Texte de Céline Calonne (avec son autorisation)

A son arrivée dans le service de gériatrie aiguë, la voisine de chambre de maman semble grande dans son lit, elle a toute sa tête, des escarres sur les talons, mange (comme quatre par rapport à maman) de la main gauche car elle est paralysée de la main droite, a quelques visites, et nous demande simplement de l'aide pour finir son yaourt. On comprend aussi qu'elle a des nausées puisqu'on l'a entendu demander un médicament anti-nausée avant le repas et qu'on lui donne systématiquement une sorte de panier rond enveloppé de plastique, dont il ne me semble pas qu'elle se soit jamais servi en notre présence (ouf), même si le rideau entre les 2 lits est parfois un peu tiré.

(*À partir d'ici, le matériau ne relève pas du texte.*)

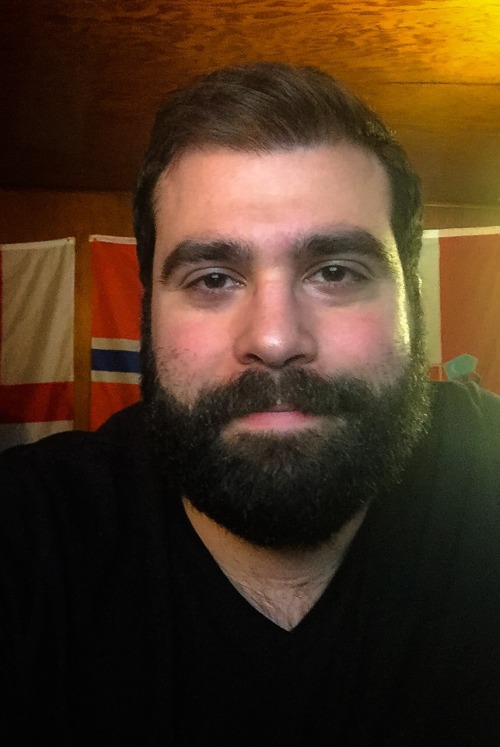 bjornmannen:  What a mess.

Maman étant encore très absente. Papa a les mains sur ses pieds un peu froids, et je lui fais écouter un peu de musique classique via des écouteurs et mon smartphone. Elle ne réagit pas trop. Elle me répond quand même « oui » quand je lui demande si ça lui plaît, mais à ce stade là, je ne sais pas trop si c'est une réponse automatique ou réfléchie. Vers la fin de la journée, je pose le smartphone à côté de son oreille, sans les écouteurs, en mettant le son très bas. C'est du Chopin. Elle aime beaucoup Chopin. Très vite on entend la voisine : « Haaaaa, c'est beau ça... ». Elle a les yeux fermés. Je propose d'augmenter un peu le son, elle acquiesce, et Chopin apaise d'un coup toute la chambrée.

Elle est cool la voisine.

Mais il est tard, entre 19 et 20 heures, et la sonnerie du téléphone interrompt soudain Chopin. Je suis obligée d'écourter deux fois le concert. Elle ne dit absolument rien. Elle a toujours les yeux fermés.

Elle est cool la voisine.

Après, nous avons changé de voisine. Habillée, assise dans son fauteuil, elle communique très peu. Elle a à peine répondu bonjour à notre arrivée, puis a regardé maman d'un air un peu attendri me semble-t-il en contournant le rideau du regard, avant de se cloîtrer dans un mutisme et une immobilité remarquable. Assez vite je ressors mon smartphone et lui demande si elle aimerait écouter de la musique classique ou si ça la dérange, elle me répond quelque chose comme « pas trop fort » avec une air pas très engageant. Je mets donc très très bas. Puis lorsque papa me dit d'augmenter le son pour que la voisine puisse entendre (il n'a pas compris la même chose que moi), je vérifie auprès d'elle ce qu'elle souhaite. Elle répond avec un geste de la main et en regardant ailleurs « Ho, c'est comme vous voulez ! ». C'est très clair, je remets les écouteurs à maman. Les jours suivants plus aucune communication. Papa me raconte même dans un tramway de retour un petit épisode. Alors que je suis descendue boire un café, papa a le réflexe de tirer le rideau entre maman et la voisine pour éviter le rayon de soleil qui arrive dans la figure de maman à travers la fenêtre du fond. Elle a beau être quasiment aveugle à cause de sa DMLA*, maman est facilement éblouie par la lumière directe, nous sommes habitués à ce qu'elle s'en plaigne. La voisine empêche impérativement le glissé de rideau avec sa main. Et lorsque papa lui explique la raison de son geste, elle répond quelque chose comme « oui, moi ça me gêne. ».

Pas commode la voisine !

D'ailleurs je me rappelle de l'aller-retour rapide d'une blouse blanche disant « Mme X, est-ce que vous allez me laisser faire votre prise de sang aujourd'hui ? Non ? Bon. ». Ca ne devait pas être urgent ni capital parce qu'elle n'a vraiment pas insisté. On avait à peine entendu le « non », mais le mouvement de la tête avait été très clair.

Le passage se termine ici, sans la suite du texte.